- A 5.1 percent monthly decline in single-family home sales helped push overall existing home sales down in January from December, according to the National Association of Realtors.
- The median price of existing homes sold in January was $215,000, up from $213,000 in December and $202,000 a year ago.
- Given monthly and yearly declines in January sales volume, there is a more than 60 percent chance that 2015 will register overall lower sales for the year as a whole compared to last year.
Existing home sales fell by a more-than-expected 4.9 percent in January from December, according to the National Association of Realtors (NAR), to a seasonally adjusted annual rate (SAAR) of 4.82 million units. The drop was driven by a 5.1 percent month-over-month dip in single-family sales, and suggests a potentially down year for sales overall.
The decline was larger than most predicted, including Zillow (figure 1), and was the largest month-over-month decline since November 2013. On an annual basis, sales remain up 3.2 percent.
The median price of new homes sold in January continued to increase, reaching a seasonally-adjusted value of $215,000, up 1 percent from December and up 1 percent from a year ago. The median price of existing homes sold has increased in all but four months since the end of 2011 and is now at its highest level since August 2007.

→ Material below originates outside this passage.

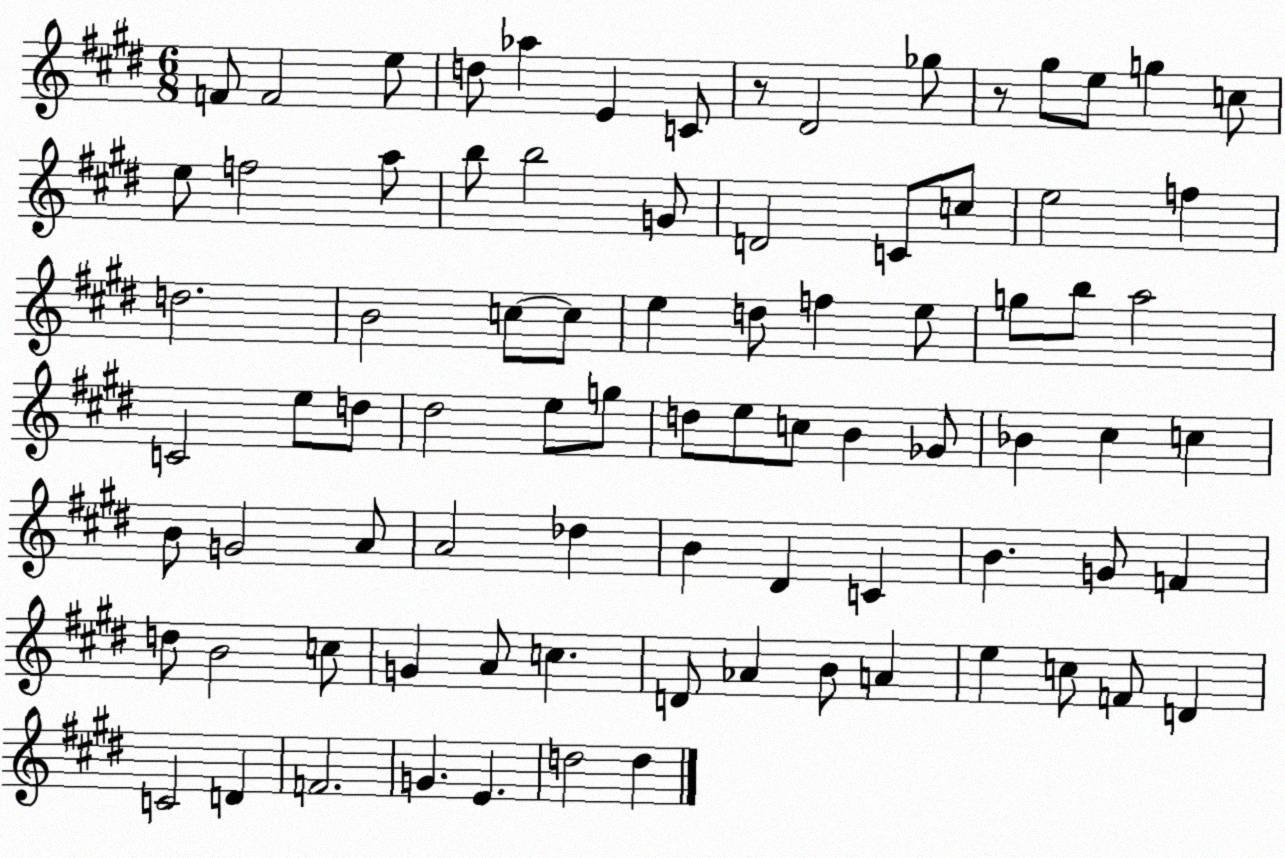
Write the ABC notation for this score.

Inclement weather wasn’t solely to blame, as sales volume fell across all major U.S. regions tracked by NAR and fell the most in the West (down 7.1 percent), which has enjoyed an unseasonably mild winter thus far and where weather has likely not had an adverse impact on transactions. Since closed sales often lag initial listing dates and open houses, it is possible that a more substantial weather effect could be visible in February data from listings that have only come on the market in the past few weeks.
Looking over the past 15 years, January tends to give a pretty good signal for the direction that existing home sales will take for the year.
Since 2000, in years when January sales declined on an annual basis, existing home sales fell for the year as a whole in four out of six cases (figure 2a). In years when January sales declined on a monthly basis, existing home sales fell for the full year in five out of eight cases (figure 2b). Looking at the correlation between the monthly and the annual change in January existing home sales, and the full-year change in existing home sales, suggests a better than 60 percent chance that 2015 will register overall lower sales.